On Sundays all business was closed, everyone went to church, and afterward working people gathered in the taverns while the bourgeois promenaded in the faubourgs. On holidays it was a Paris custom to dine at a table set outside the front door. Houses were the characteristic high narrow urban type built side by side, sometimes with a courtyard between the front half and the back. They were half-timbered, with the spaces filled by clay or stone and each story cantilevered over the one below. The hôtels of nobles and magnates kept some elements of the fortified castle with conical towers and high walls. As a concession to urban life they had large glass-paned windows opening onto courtyards, and belvederes with many ornamental pinnacles on the roofs from which a watch could be maintained on all sides. The owner was made known by his coat-of-arms sculpted over the doorway. Streets had no inscribed names, so that people had to search for hours to find the place they wanted.
Indoors the noble residences were decorated with murals and tapestries, but furniture was meager. Beds, which served for sitting as well as sleeping, were the most important item. Chairs were few; even kings and popes received ambassadors sitting on beds furnished with elaborate curtains and spreads; otherwise, people sat on benches. Torches in wall sconces lit the rooms, and massive fireplaces were built into the walls. These wall chimneys “in the French fashion,” as they were called in Italy, were the greatest luxury of middle-class homes. The only other warmth came from the oven and cooking fire and warming pans in bed at night. Like sanitation, heating was an arrangement that the age seems technologically equipped to have handled better than it did, were it not that man is as irrational about his comfort as about other activities. Fur coverlets, fur-lined clothes, or separate fur linings worn under tunics and robes substituted for active sources o
f heat. The furs of otter, cat, miniver, squirrel, and fox were less expensive than heavy wool cloth; ermine and marten adorned the rich.
Floors were strewn in summer with fragrant herbs and grasses and at other times by rushes or straw changed four times a year, or once a year in poorer homes, by which time it was filled with fleas and rank with dog droppings and refuse.

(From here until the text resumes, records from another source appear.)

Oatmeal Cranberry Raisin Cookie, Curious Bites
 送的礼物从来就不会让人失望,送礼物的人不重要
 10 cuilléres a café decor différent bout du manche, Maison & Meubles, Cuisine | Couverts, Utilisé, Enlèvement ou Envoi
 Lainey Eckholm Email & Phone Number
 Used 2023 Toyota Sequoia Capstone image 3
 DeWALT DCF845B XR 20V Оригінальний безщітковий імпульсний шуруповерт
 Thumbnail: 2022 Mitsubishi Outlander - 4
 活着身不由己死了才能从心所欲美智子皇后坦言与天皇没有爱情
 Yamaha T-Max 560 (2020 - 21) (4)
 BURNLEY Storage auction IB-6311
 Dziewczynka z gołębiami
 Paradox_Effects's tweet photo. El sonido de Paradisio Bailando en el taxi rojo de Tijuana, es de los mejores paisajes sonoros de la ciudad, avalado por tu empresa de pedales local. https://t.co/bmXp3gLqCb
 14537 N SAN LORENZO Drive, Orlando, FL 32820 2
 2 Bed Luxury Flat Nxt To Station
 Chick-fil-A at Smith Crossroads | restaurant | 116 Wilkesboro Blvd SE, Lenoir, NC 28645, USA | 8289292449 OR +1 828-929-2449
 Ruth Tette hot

A well-off merchant scattered violets and other flowers on his floor before a dinner party and decorated his walls and table with fresh greens bought in the market at early morning.
Rooms were few, servants slept where they could, privacy was nonexistent, which may have increased irritability. Whether it hampered or facilitated seduction is an open question. The two Cambridge students in Chaucer’s Reeve’s Tale were conveniently enabled to enjoy the favors of the Miller’s wife and daughter because they were put to bed in the same room with the family. Even in greater homes guests slept in the same room with host and hostess.